Alcanzamos el punto medio de Rocinha. Miro el cielo despejado pero interrumpido por miles de cables negros que forman una gran telaraña entre los postes. Algunos de ellos inclinados por el peso de esta verdadera red de cordeles de caucho. Ante mí está la conocida curva de la "S", que fue parte de un circuito de carreras de autos entre las décadas del 30 y del 50. El mismísimo Juan Manuel Fangio, cinco veces campeón mundial, debió surcar con talento este complicado trayecto, ahora invadido por edificios de colores armados irregularmente con ladrillos y cemento.
Almoço
Las horas corren y estoy ansioso por saber dónde haremos una pausa para el almuerzo. Aparte del comercio, la gastronomía es la principal actividad económica de Rocinha. Macarrão me lleva directo al Bar do Geraldão y pide una cerveza bien helada a Lucía, su amiga de la infancia que está tras la barra.
Hoy es sábado y, como en todo Brasil, los restaurantes y boliches populares ofrecen feijõada, el centenario guiso de frijoles con cerdo acompañado de arroz y harina de mandioca. El puestecito está repleto y algunos toman cerveza en la calle sentados en los asientos de las motos mientras esperan sus platillos. Antes de decirle a Lucía qué vamos a comer, aparece en la mesa el criollo plato creado por los esclavos que llegaron hace siglos a esta parte del mundo.
Macarrão me cuenta que ha vivido siempre aquí, que las ha hecho todas. Fue cercano a los máximos capos de la droga y conoce de memoria cómo funciona el sistema. A veces, la favela rompe su paz y entra en estado de guerra, algo que puede durar meses. Pero a nadie, por lo menos acá, parece importarle demasiado.
Por la angosta vereda pasa mucha gente y todos le estrechan la mano a Macarrão. Hablamos de fútbol, hacemos fotos, salen más birras. "Así se vive en Rocinha", grita y alza su vaso.
Jantar
Es hora de continuar. Ahora, a través de las entrañas. Sin duda, lo más apasionante de este microestado enclavado en Río de Janeiro.

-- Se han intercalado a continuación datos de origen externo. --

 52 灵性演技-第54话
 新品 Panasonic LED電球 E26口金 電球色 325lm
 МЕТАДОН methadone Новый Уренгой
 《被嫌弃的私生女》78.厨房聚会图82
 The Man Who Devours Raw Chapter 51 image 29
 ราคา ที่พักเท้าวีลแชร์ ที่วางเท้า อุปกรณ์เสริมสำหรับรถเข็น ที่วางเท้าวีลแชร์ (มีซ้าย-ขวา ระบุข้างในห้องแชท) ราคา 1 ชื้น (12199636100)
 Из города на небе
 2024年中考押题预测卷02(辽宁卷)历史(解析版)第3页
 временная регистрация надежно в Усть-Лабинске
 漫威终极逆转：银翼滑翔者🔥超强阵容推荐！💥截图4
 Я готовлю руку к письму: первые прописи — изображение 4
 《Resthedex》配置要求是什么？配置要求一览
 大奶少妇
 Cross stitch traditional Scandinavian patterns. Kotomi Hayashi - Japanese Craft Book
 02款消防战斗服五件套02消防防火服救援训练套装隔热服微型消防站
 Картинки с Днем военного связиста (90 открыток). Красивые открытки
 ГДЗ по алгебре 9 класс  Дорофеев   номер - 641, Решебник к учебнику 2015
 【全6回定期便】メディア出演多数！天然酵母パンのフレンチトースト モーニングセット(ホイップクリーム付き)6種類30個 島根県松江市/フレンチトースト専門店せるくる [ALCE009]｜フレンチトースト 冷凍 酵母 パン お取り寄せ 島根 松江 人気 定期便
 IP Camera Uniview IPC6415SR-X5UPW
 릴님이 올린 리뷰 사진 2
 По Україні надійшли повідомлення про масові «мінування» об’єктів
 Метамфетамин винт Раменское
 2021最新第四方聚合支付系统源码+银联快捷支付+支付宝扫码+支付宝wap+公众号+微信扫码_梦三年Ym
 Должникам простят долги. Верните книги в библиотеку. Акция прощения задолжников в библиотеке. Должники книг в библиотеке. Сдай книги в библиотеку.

Diminutos pasillos nos llevan a lo que hay debajo de los edificios. Precarias y estrechísimas viviendas entre largas escaleras. Al circular, todos se dan el paso para no provocar choques entre vecinos. De pronto aparecen almacenes incrustados entre paredes y cañerías. En algunos hay que arrodillarse para solicitarle algo al vendedor. Reina la oscuridad, acompañada de un fuerte y penetrante olor a humedad. Estamos en lo más profundo de Rocinha.
Salimos a la luz cerca de la cumbre. El panorama es espectacular. Se puede ver parte de Copacabana y sus blancos edificios que limitan con la playa. El Pan de Azúcar también se asoma a lo lejos, entre bosques que albergan exclusivos barrios. Hacia el otro lado, las más de 17 mil casas de la favela, todas con sus estanques azules sobre los techos, que evidencian otro de los grandes problemas de Rocinha: la distribución de agua potable.
Junto a Macarrão bajamos hacia el plano en mototaxi. En una placita, nos despedimos largamente, pero sin demasiada emoción. Me asegura que nos volveremos a ver y que la próxima vez me invitará a conocer su escuelita de guías turísticos. Los que ven esta escena lo reconocen y él me presenta como su nuevo amigo chileno.
Es de noche y estoy instalado con Dâ en la pequeña cantina hecha con fierros y lonas. A mi lado un muchacho busca alguna sorpresa en un contenedor de basura. Algunos de los contertulios esperan el partido de Brasil ante Perú, otros duermen en sus sillas. La cerveza helada no falta, hace calor y viene como anillo al dedo. Dâ bromea y pregunta si estoy asustado. Entre risas le respondo que no, pero que no quiero perder el último tren del metro.
"Tranquilo, amigo, disfrute o jogo acá en Rocinha".
No me queda otra, y que gane el mejor.